Taking Security in Distressed Loan Restructurings – Update from the Federal Supreme Court in relation to Voidness of Security, Claw-Back and Lender Liability
With the judgment XI ZR 305/14 of 12 April 2016, the Federal Supreme Court has clarified the conditions for the voidness of security created in proximity of the grantor's/borrower's insolvency. Further, it has taken the opportunity to summarise its views on questions of lender liability and claw-back of security. Such aspects are of relevance to lenders who grant or restructure loans in instances of a borrower's financial distress (in particular where new security is taken).
In a situation where a borrower enters into financial distress, lenders must act with particular diligence and attention when deciding whether or not - and if so, how - to grant further credit, to restructure or reschedule the financial indebtedness and/or to take further security.

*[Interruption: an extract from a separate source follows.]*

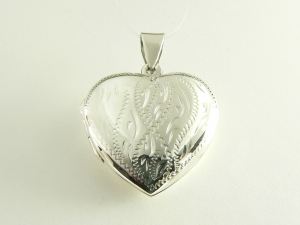 40243 Bewerkt hartvormig zilveren medaillon voor twee foto's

With regard to credit institutions, the reason for such increased duty of diligence and attention is that a bank is normally the main creditor and, as opposed to other creditors, normally has the contractual strength to obtain in-depth information about its borrower's financial situation. Further, it has also the capabilities to properly evaluate such information. Third party contractors of the borrower, who do not have such contractual power and know-how, might rely on the bank's decision to further extend credit to the borrower and therefore be induced to also enter into further contractual relationships with the borrower, to supply further goods and services to it and to grant further trade credit to it. For these reasons, case law and literature identify increased duties of diligence and care on the part of the lenders vis-à-vis both their borrowers and third parties in situations of borrowers' distress. The same duties also apply to lenders who are not banks but are in a similar position (debt funds, transferees of loans, and issuers of securitisations).
Due to the above, the lender's decision regarding the loan and the security in the borrower's distress means passing between Scylla and Charybdis. On the one side of the strait, the lender faces the risk of incurring liability for the frustration of a turn-around (Sanierungsvereitelung) if it (unjustifiably) accelerates the loan or does not further extend it; on the other side of the strait, if the lender further extends credit to the borrower and takes additional security, it incurs various other risks such as in particular risks of (i) lender liability in vis-à-vis the borrower and/or third parties, and (ii) the claw-back of payments and security.
With the judgment XI ZR 305/14 of 12 April 2016, the Federal Supreme Court has elaborated on such principles. In addition, the above judgment has clarified details of an aspect relatively rarely considered in restructurings, which is the voidness of the security pursuant to Section 138 of the German Civil Code (legal transaction contrary to public policy – sittenwidriges Rechtsgeschäft).
II. THE CASE
The subject matter of the judgment was a situation which can be summarised as follows:
In October 2007 the lender (a local credit institution) had granted a loan to the borrower which was subsequently extended and increased on various occasions. At the end of the financial year 2007/2008 the borrower entered into distress. In November 2009 an auditor's going concern opinion (Fortführungsprognose) was issued for the annual years 2010 /2011 and 2011/2012 confirming that, under certain assumptions and under the condition that certain measures would be implemented, the going concern prognosis was positive.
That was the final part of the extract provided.